** INPUT follows **

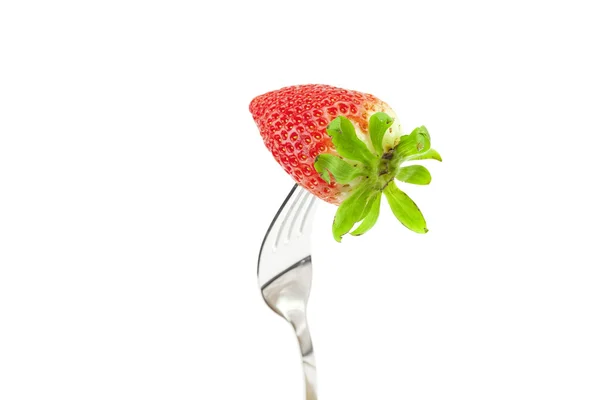 Strawberry on the plug is isolated on a white — Stock Photo, Image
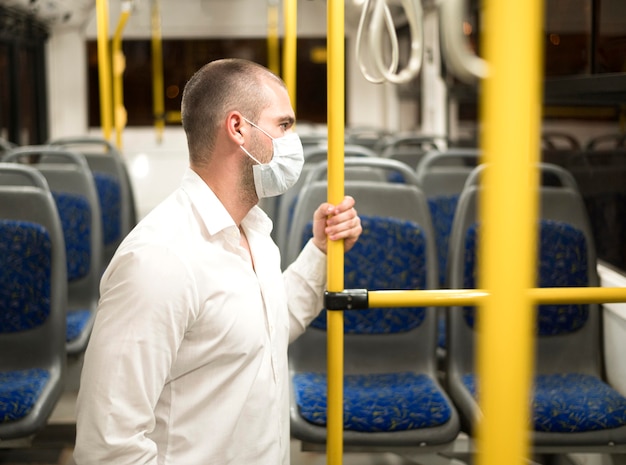 Free photo side view elegant male with face mask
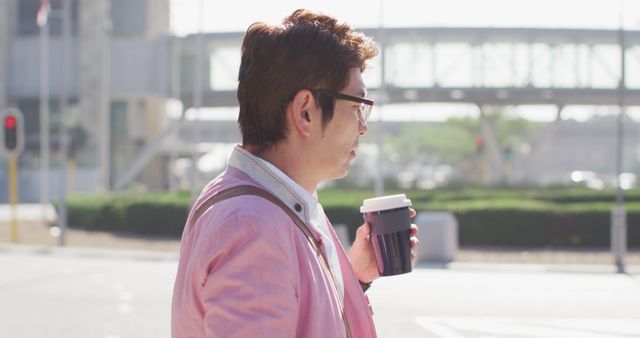 Asian man drinking coffee and using smartphone while walking on the street. business and lifestyle concept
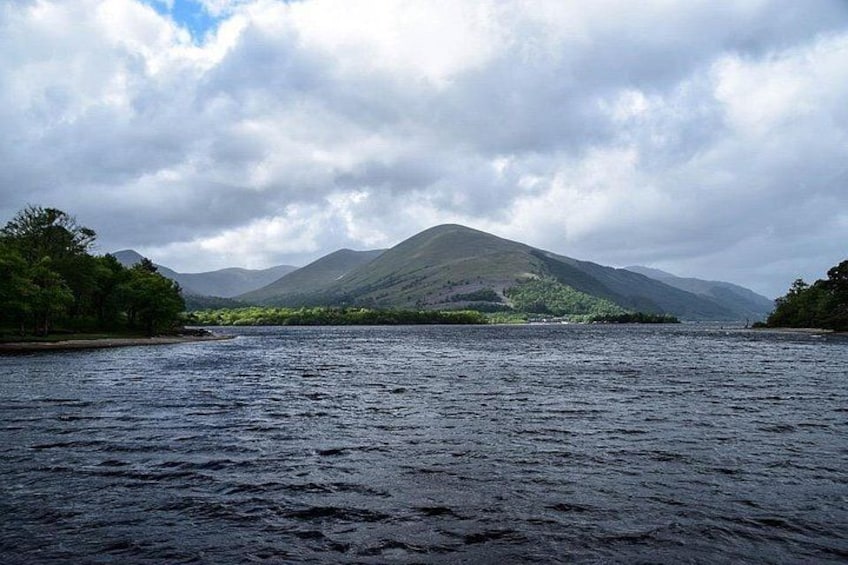 A lake with mountains in the background and trees along the shore. 4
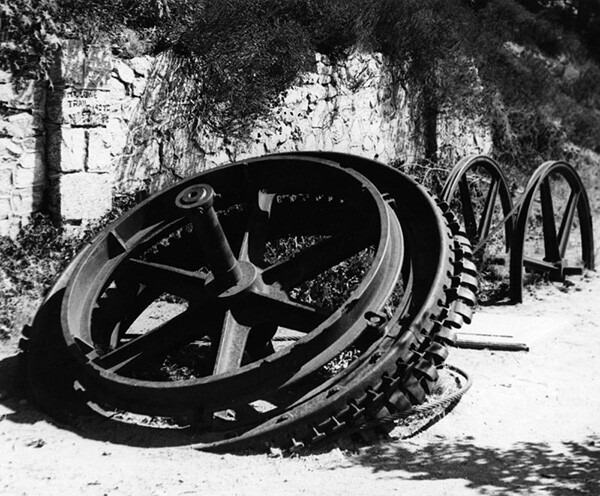 Shown here is a grip wheel, 9 feet in diameter, once part of the cable winding machinery located in the Echo Mountain cable house and used to pull the cable cars up and down the Incline portion of the railway. | Courtesy of the Los Angeles Public Library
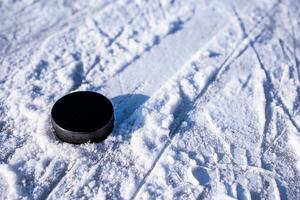 hockey puck lies on the snow close-up photo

** End of INPUT **

PROBLEM DETAILS: Working from the line that contains "Asian man drinking" to the last line of the listing, please quote each line exactly, pictures excluded.

SOLUTION BELOW:
 Asian man drinking coffee and using smartphone while walking on the street. business and lifestyle concept
 A lake with mountains in the background and trees along the shore. 4
 Shown here is a grip wheel, 9 feet in diameter, once part of the cable winding machinery located in the Echo Mountain cable house and used to pull the cable cars up and down the Incline portion of the railway. | Courtesy of the Los Angeles Public Library
 hockey puck lies on the snow close-up photo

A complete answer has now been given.